Records from a data collection:
________________________
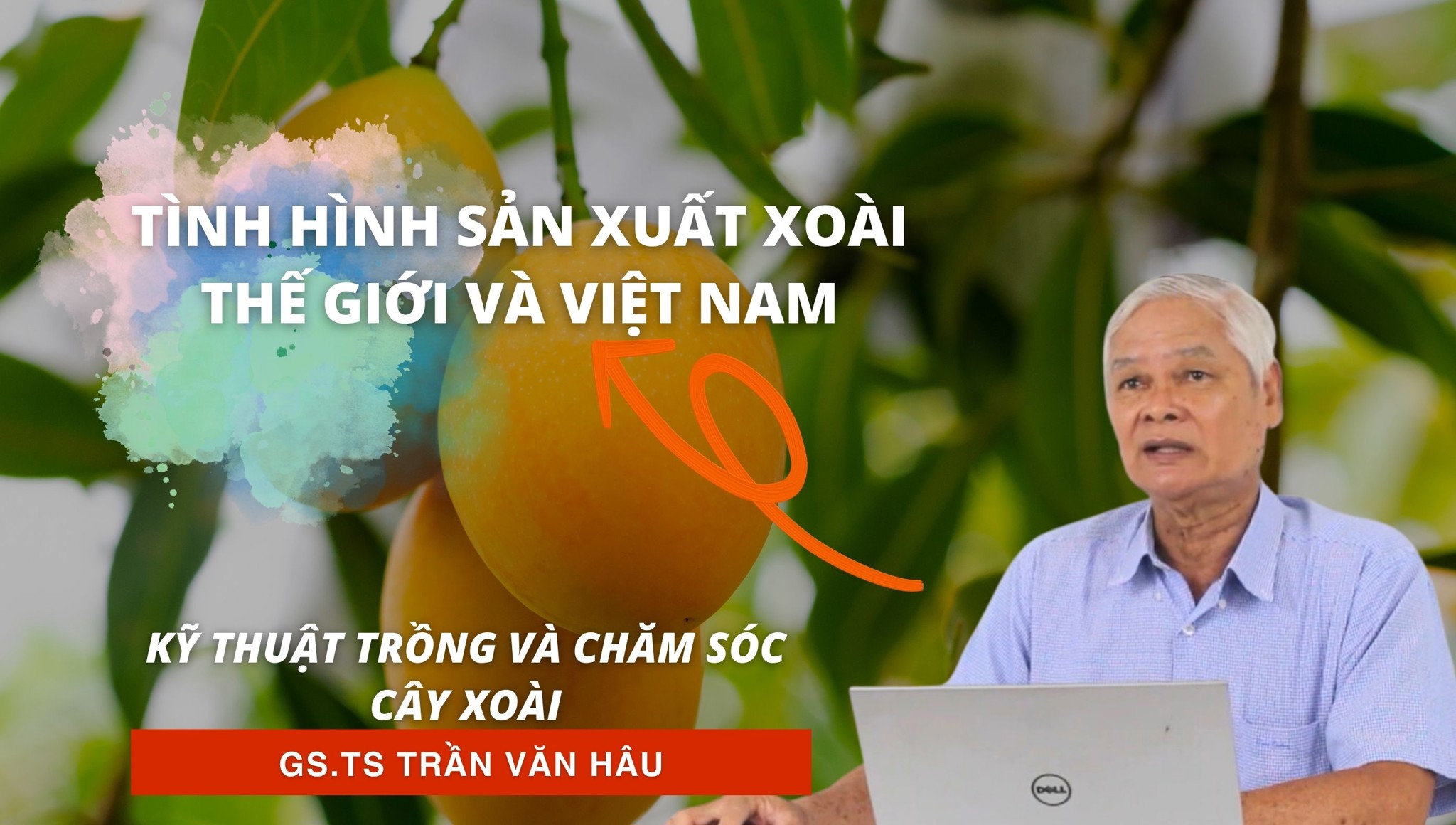 Tình hình sản xuất Xoài thế giới và Việt Nam | Kỹ thuật trồng và chăm sóc Xoài
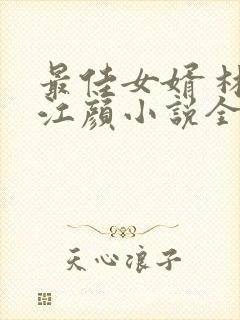 最佳女婿 林羽江颜小说全文免费阅读顶点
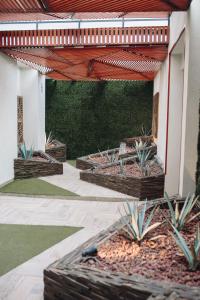 瓜达拉哈拉大理广场艾街库提夫酒店的户外庭院设有长凳和植物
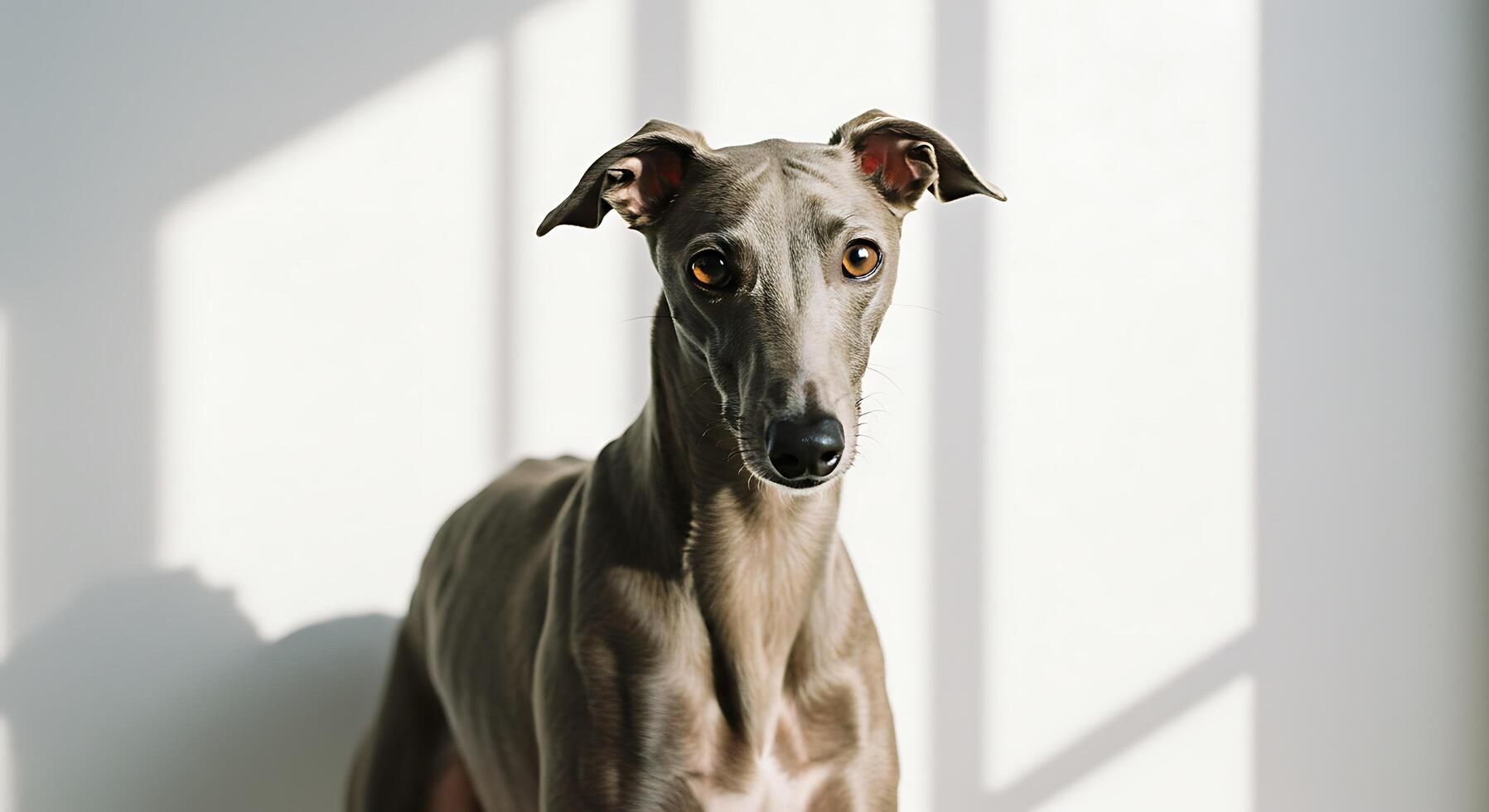 A grey dog standing in front of a window photo
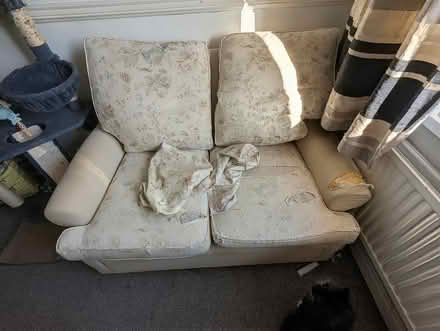 Photo of free Sofa Bed (Park Hill S2) #2
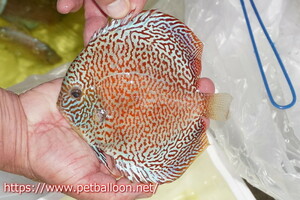 [ discus ] Sakura meiz Leopard [ individual sale ]16cm( organism )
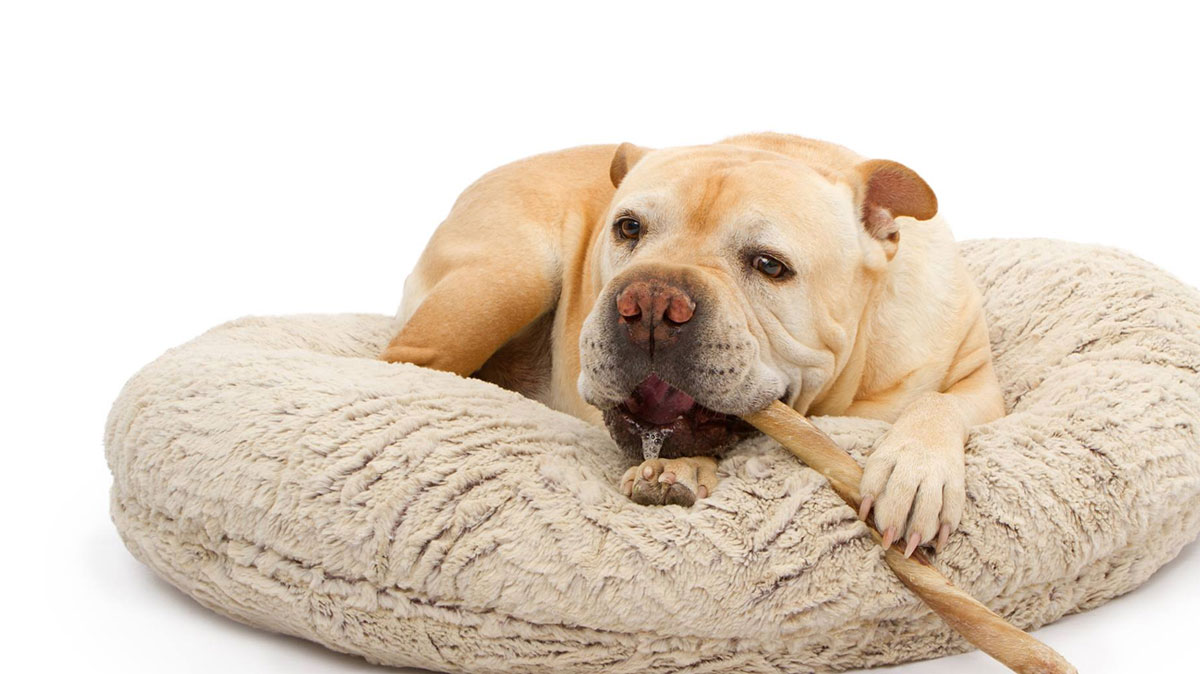 Bully Bundles Subscription Box Cratejoy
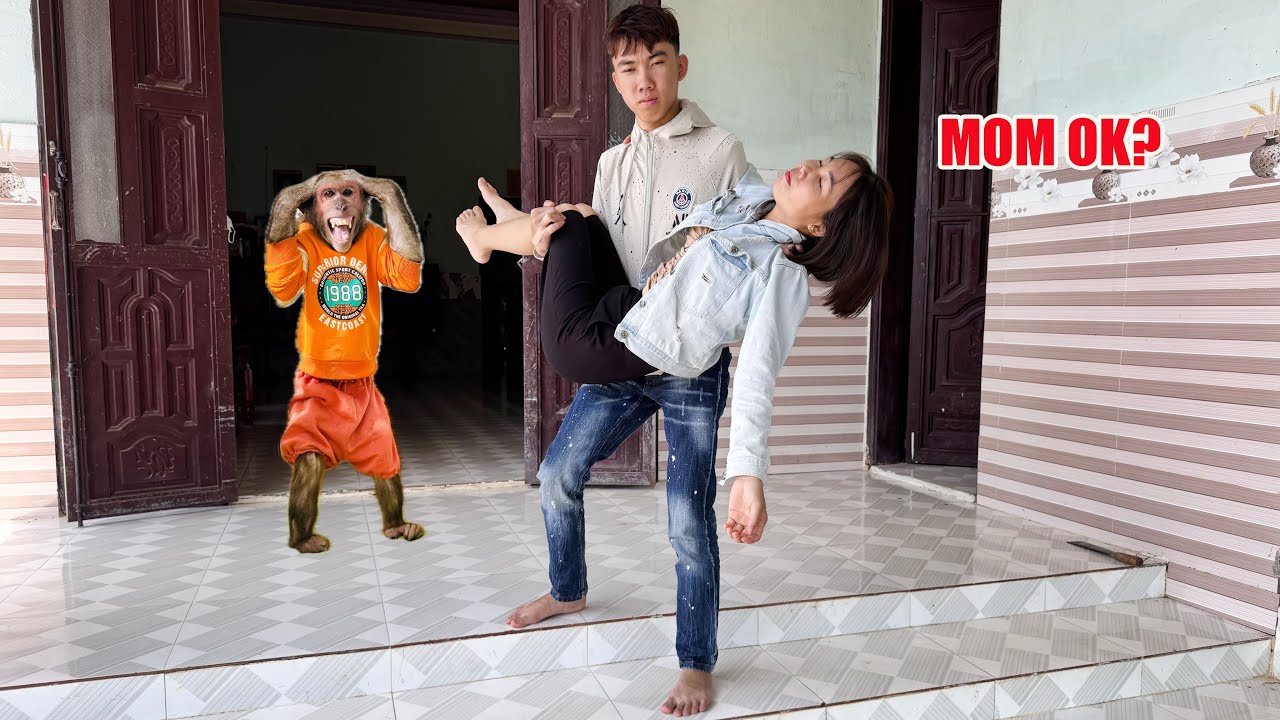 Monkey ABU calls for help when Mom faints!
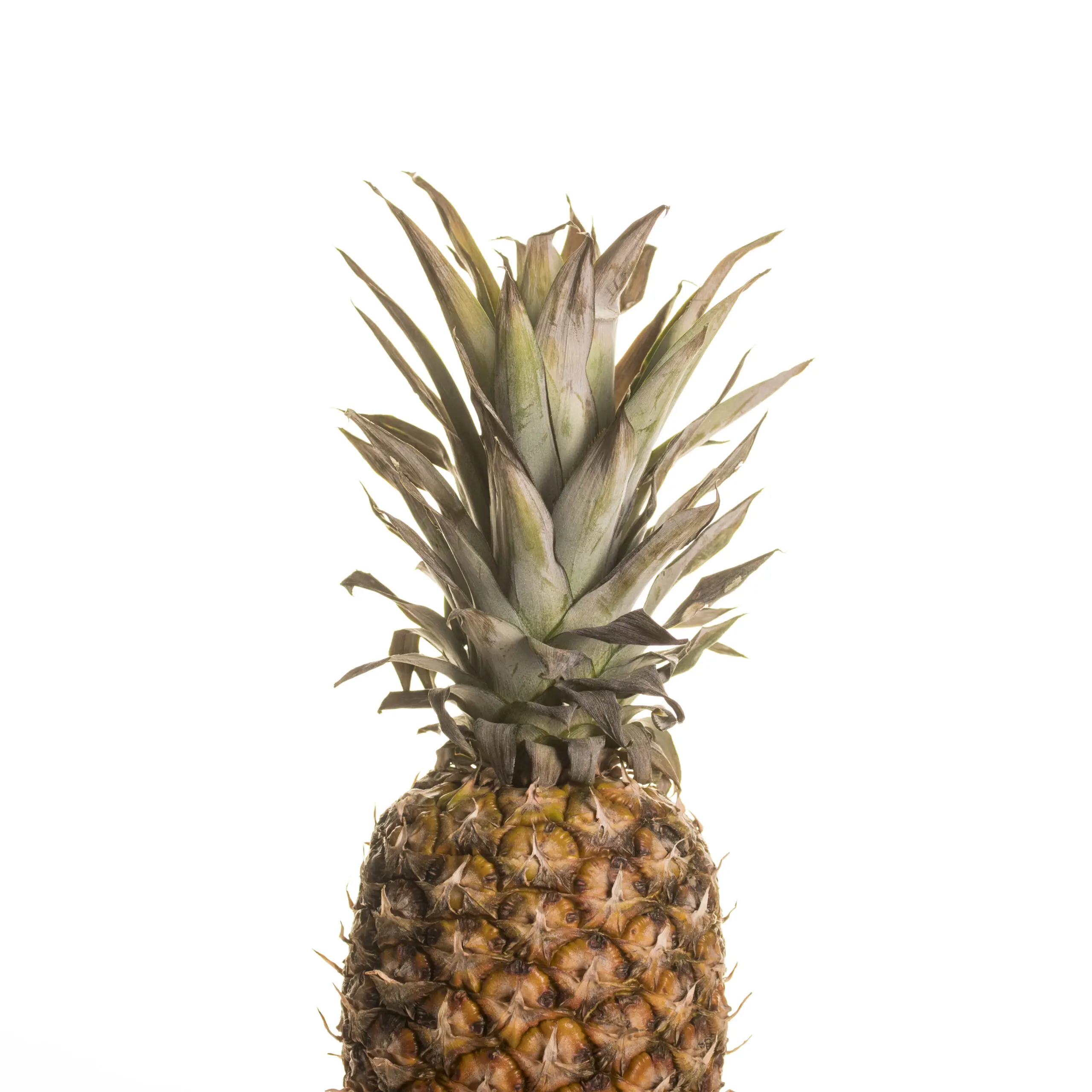Wandbild (4118) Ananas präsentiert: Stillleben,Kreatives,Essen und Getränke,Modern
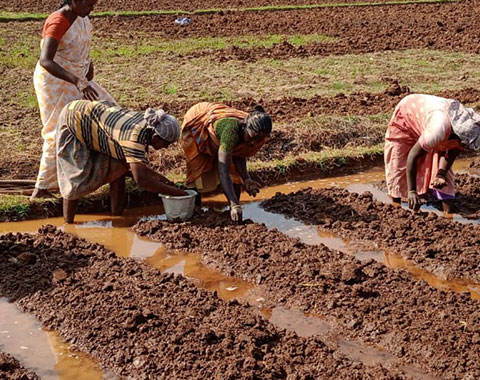 Food Security - Collective Farming 2022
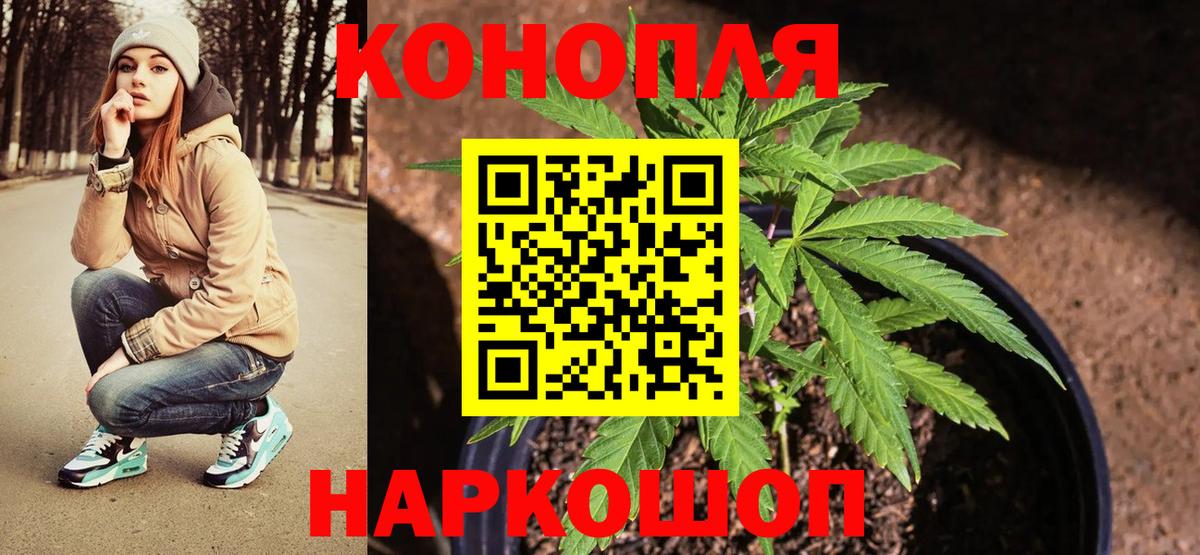 Бошки Шишки Amnesia Москва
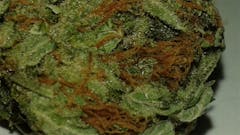 User uploaded image of Alice in Wonderland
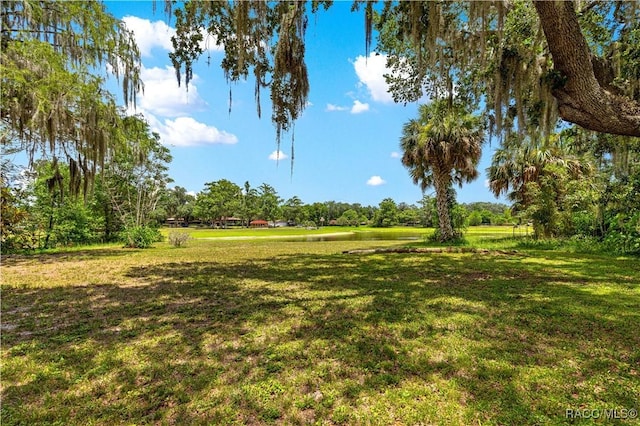 519 Spring Lake Rd, Ocala, FL 34472 - photo 6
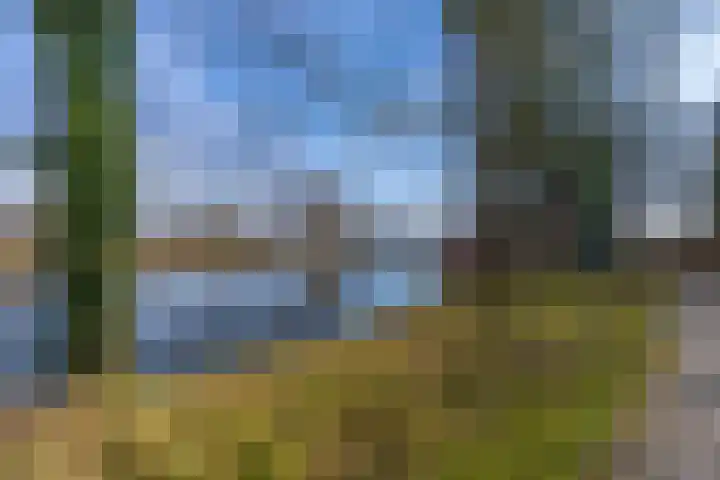 Beekoeverhof 3 Utrecht thumbnail 34
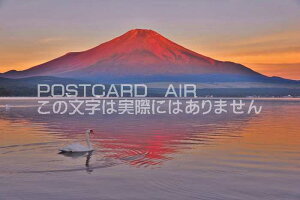 y{̕i|XgJ[hz閾̐ԕxmƌΔȂ̐@EY̎R̃nKL͂Gt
________________________
**What to produce:** Output the full set of records above without changing a word, and drop the images.

**Output below:**
 Tình hình sản xuất Xoài thế giới và Việt Nam | Kỹ thuật trồng và chăm sóc Xoài
 最佳女婿 林羽江颜小说全文免费阅读顶点
 瓜达拉哈拉大理广场艾街库提夫酒店的户外庭院设有长凳和植物
 A grey dog standing in front of a window photo
 Photo of free Sofa Bed (Park Hill S2) #2
 [ discus ] Sakura meiz Leopard [ individual sale ]16cm( organism )
 Bully Bundles Subscription Box Cratejoy
 Monkey ABU calls for help when Mom faints!
Wandbild (4118) Ananas präsentiert: Stillleben,Kreatives,Essen und Getränke,Modern
 Food Security - Collective Farming 2022
 Бошки Шишки Amnesia Москва
 User uploaded image of Alice in Wonderland
 519 Spring Lake Rd, Ocala, FL 34472 - photo 6
 Beekoeverhof 3 Utrecht thumbnail 34
 y{̕i|XgJ[hz閾̐ԕxmƌΔȂ̐@EY̎R̃nKL͂Gt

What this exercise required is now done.